• Task item: Print, exactly and with no pictures, the line containing "Vincent Van Gogh - Irises Feestdagen Kaart" and each line after it to the end of the entries below.

• Available data:
▼▼▼

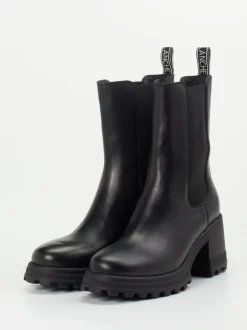 Voile Blanche – Chelsea Boots aus Lammleder Schwarz
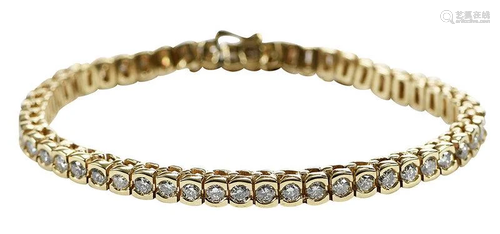 14kt. Diamond Bracelet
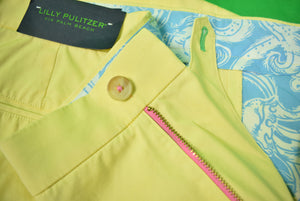 "Lilly Pulitzer Palm Beach Yellow Poplin Phipps Pants" Sz: 36 (New w/ LP Tag) (SOLD)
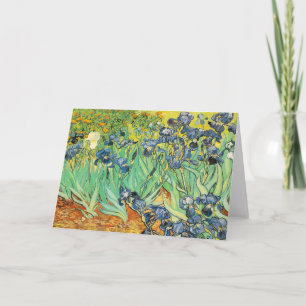 Vincent Van Gogh - Irises Feestdagen Kaart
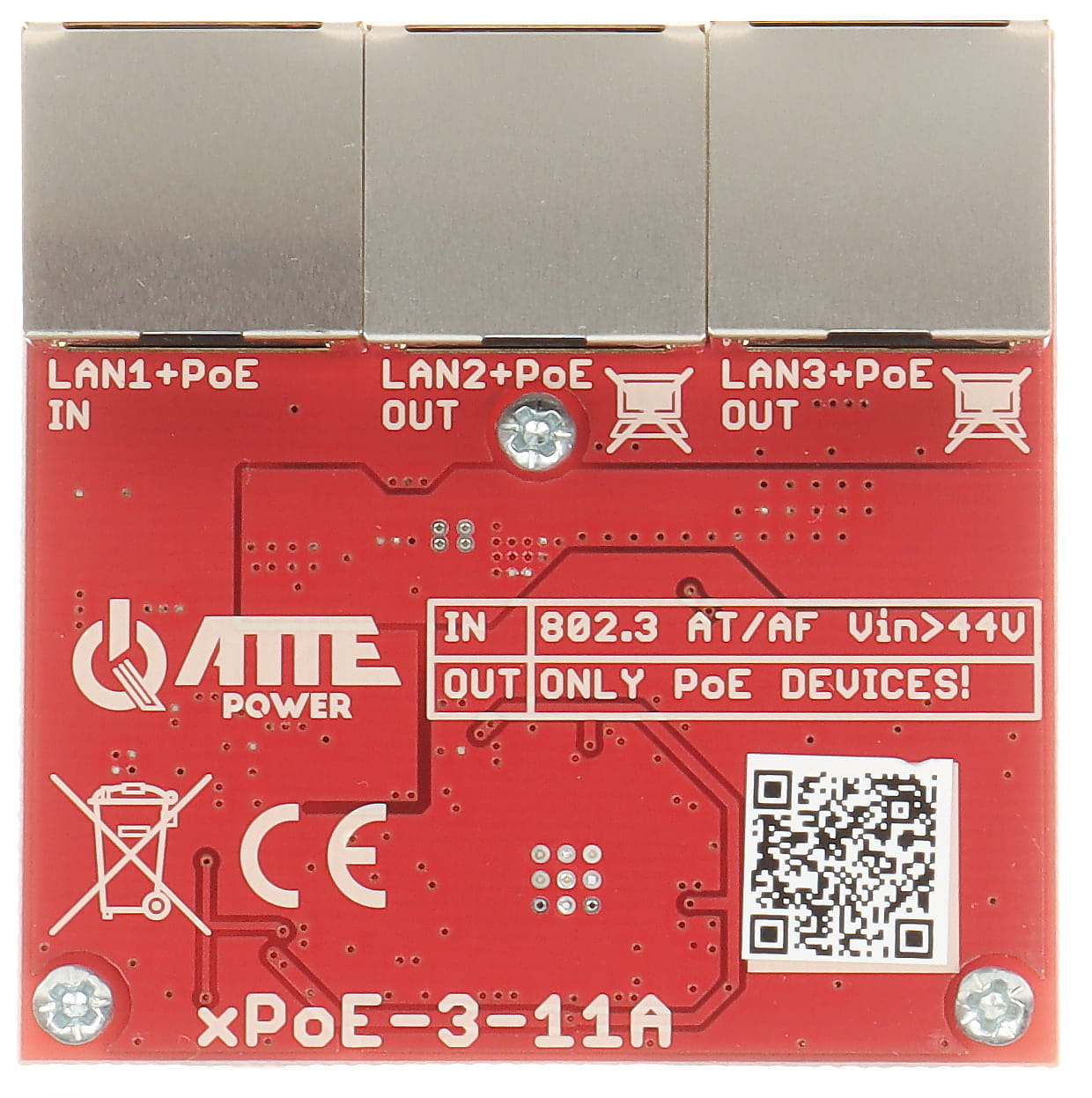 SWITCH POE / EXTENDER XPOE-3-11A 3-PORTOWY ATTE-1329701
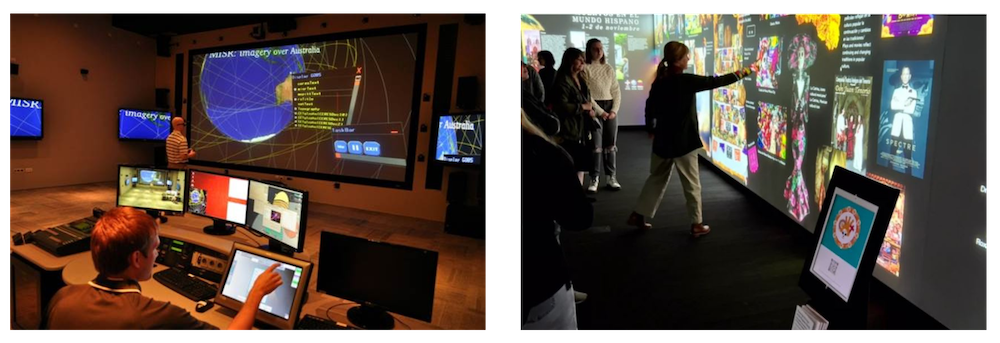 Visualization spaces collage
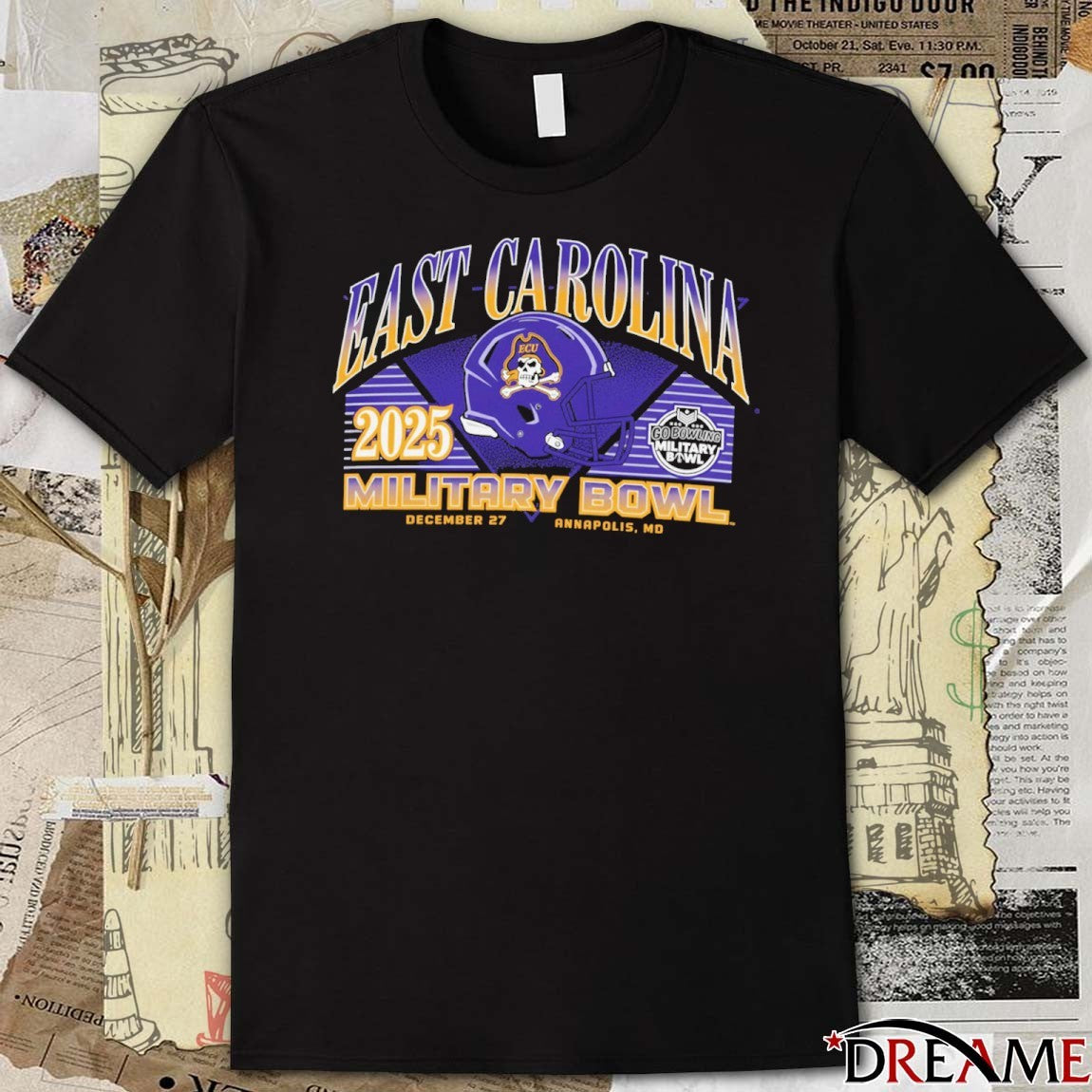 2025 ECU East Carolina Champion Brand Military Bowl December 27 Annapolis MD t-shirt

▲▲▲

• Solution to this task:
 Vincent Van Gogh - Irises Feestdagen Kaart
 SWITCH POE / EXTENDER XPOE-3-11A 3-PORTOWY ATTE-1329701
 Visualization spaces collage
 2025 ECU East Carolina Champion Brand Military Bowl December 27 Annapolis MD t-shirt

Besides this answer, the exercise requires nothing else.